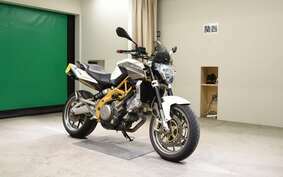 APRILIA SHIVER 750 2008 RA00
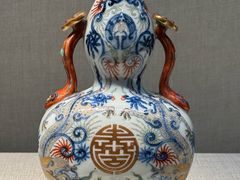 -镇江博物馆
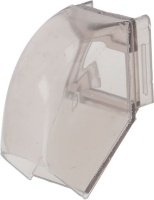 СБРОС КОФЕМОЛКИ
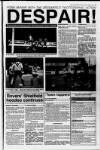 Airdrie & Coatbridge Advertiser Friday 22 April 1994 Page 55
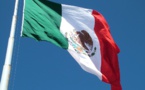 Mexico approves amendments to NAFTA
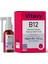 B12 Vitamini Sprey 10 ml (75 Puff) & Multivitamin & Multimineral (1X30 Tablet) 3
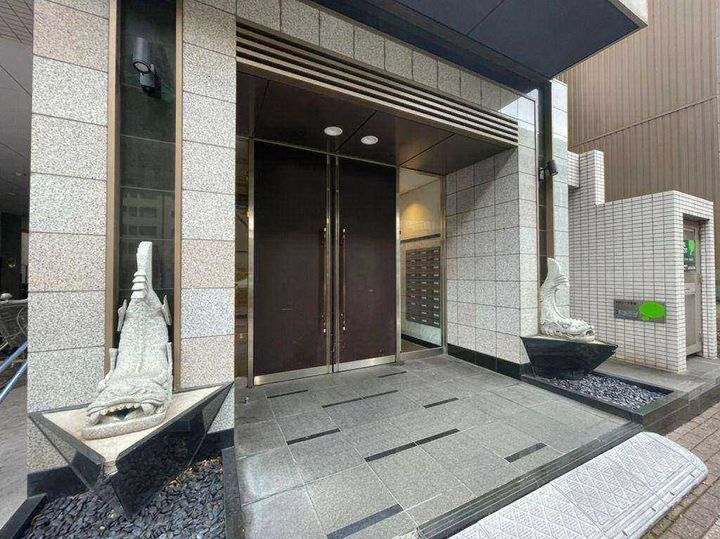 プロシード新栄のその他画像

--

> Brief
Exactly the lines from the one with "Mexico approves amendments to NAFTA" through the end of the listing above are to be repeated, with no pictures.

> Output of the task
 Mexico approves amendments to NAFTA
 B12 Vitamini Sprey 10 ml (75 Puff) & Multivitamin & Multimineral (1X30 Tablet) 3
 プロシード新栄のその他画像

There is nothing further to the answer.